Description of the task: Write out, word for word, every line in the data below from the one containing "Kensington Blackbelt Rugged" to the one containing "GALENO AGUA STOP APOSITO ADHESIVO 20 U", both of them included.

Input for this task: Begin

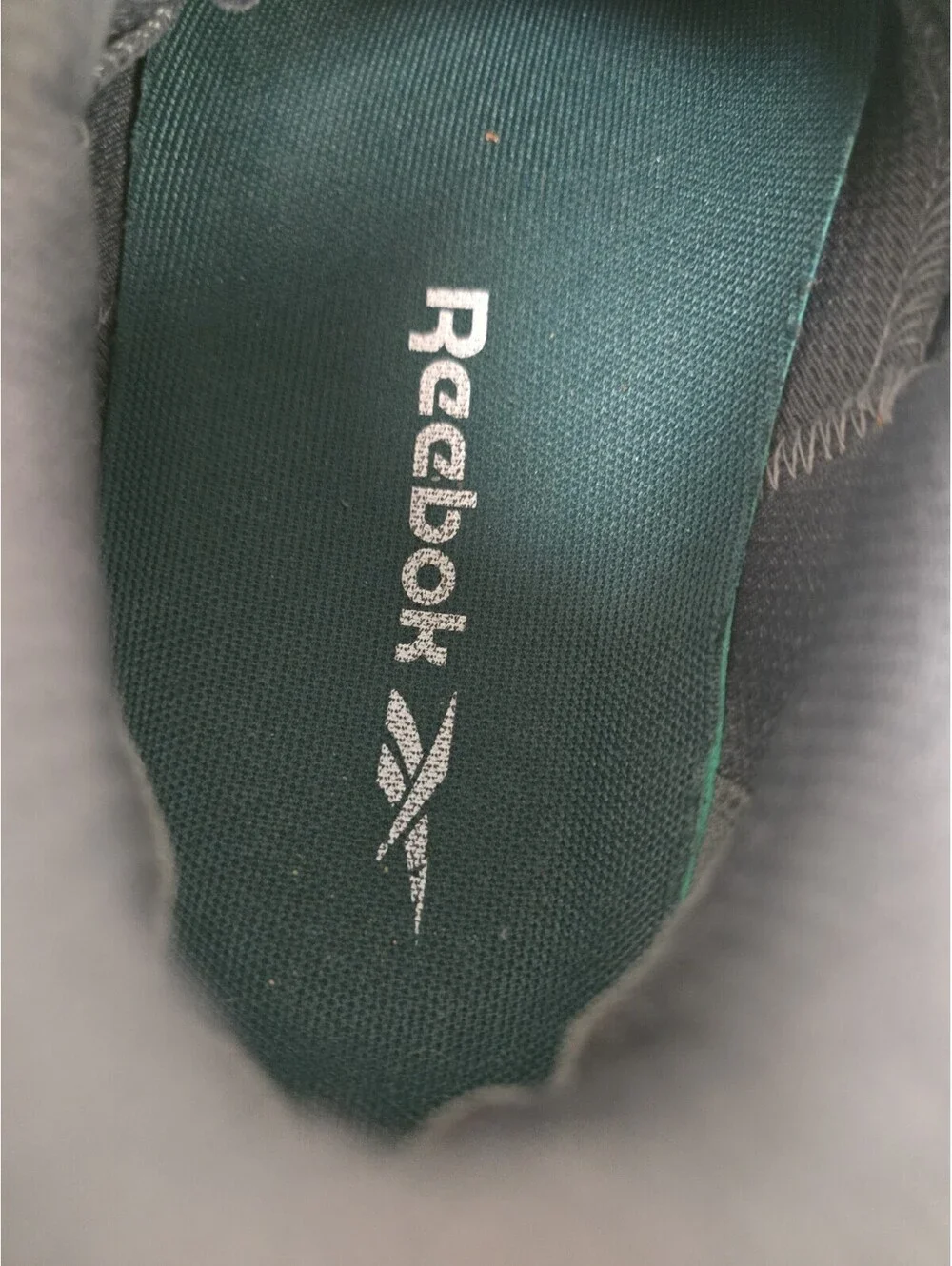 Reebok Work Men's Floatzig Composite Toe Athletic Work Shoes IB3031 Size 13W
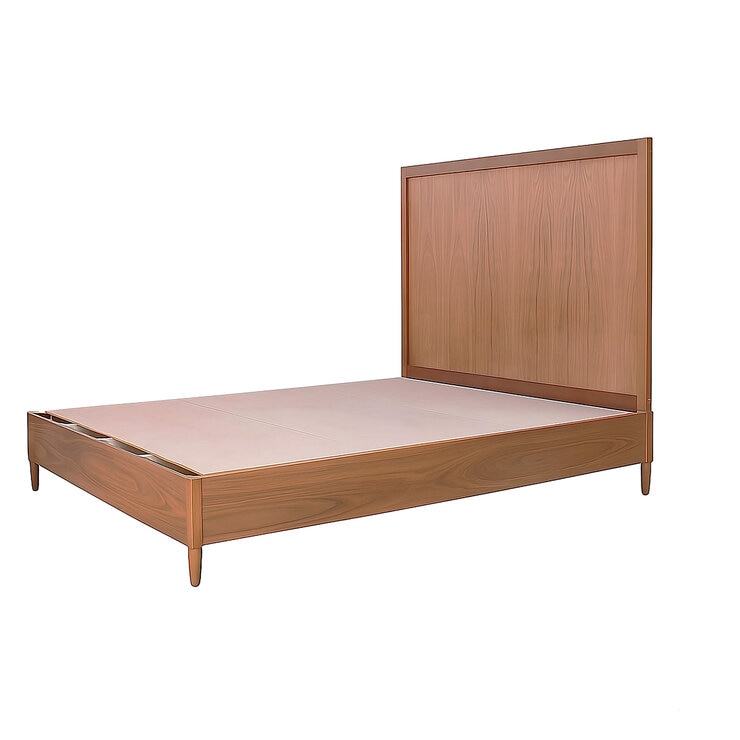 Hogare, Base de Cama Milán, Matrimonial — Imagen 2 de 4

Input for this task: End
Input for this task: Begin

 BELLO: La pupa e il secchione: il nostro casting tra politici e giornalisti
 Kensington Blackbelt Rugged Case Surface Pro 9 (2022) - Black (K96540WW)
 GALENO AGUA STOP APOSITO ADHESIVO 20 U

Input for this task: End

Answer section:
 Kensington Blackbelt Rugged Case Surface Pro 9 (2022) - Black (K96540WW)
 GALENO AGUA STOP APOSITO ADHESIVO 20 U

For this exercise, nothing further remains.